Has the FCC finally decided to get tough with the buccaneers of broadcasting that have littered the FM airwaves in three major East Coast markets for years?
A series of notices of unlicensed operation issued last week, and made public on Monday (5/22), suggest a sea change is finally underway at the Commission.
In the Bronx section of New York City, Sean Marshall of neighboring Mt. Vernon, N.Y., was handed an official Notice of Unlicensed Operation for operating an unlicensed station at 98.9 MHz.
That’s a bit of an issue, as it is a first-adjacency to Emmis-owned WEPN-FM 98.7, the market’s home for ESPN Radio. Marshall on April 18 admitted to N.Y. office Enforcement Bureau field agents that Marshall was the operator of the pirate radio station.

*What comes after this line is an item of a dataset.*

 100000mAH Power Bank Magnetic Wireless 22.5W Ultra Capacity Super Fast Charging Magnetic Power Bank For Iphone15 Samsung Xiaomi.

He acknowledged that he had no authorization to operate the unlicensed station.
But, he’s not reacted and this results in the “NUO,” ordering him to immediately pull the plug.
Field agents from the Enforcement Bureau’s Gotham office then traveled across the Hudson River to suburban East Orange, N.J.
There, it found Benjamin Klein was the alleged operator of an unlicensed station at 94.3 MHz; the closest licensed stations on that frequency are WJLK-FM in Asbury Park, N.J., and an LPFM — WSBP-FM in Wood Ridge, N.J. That facility is just 9 miles from 115 Halstead Street in East Orange.
Klein looks like he had two accomplices: Steve Marks and George Fontan were issued identical NUOs to that sent to Klein.
The sharing of NUOs with the public is a fairly recent development, and could be a sign that the Commission — thanks to the efforts of Republican FCC Commissioner Michael O’Rielly — is getting more aggressive in squelching unlicensed FM operators.
Some 15 years after South Florida’s radio dial became littered with pirate operators, new ones pop up nearly as quickly as others are fined and their signals are finally silenced. In the Boston and New York markets, pirate broadcasters are also more prolific than ever.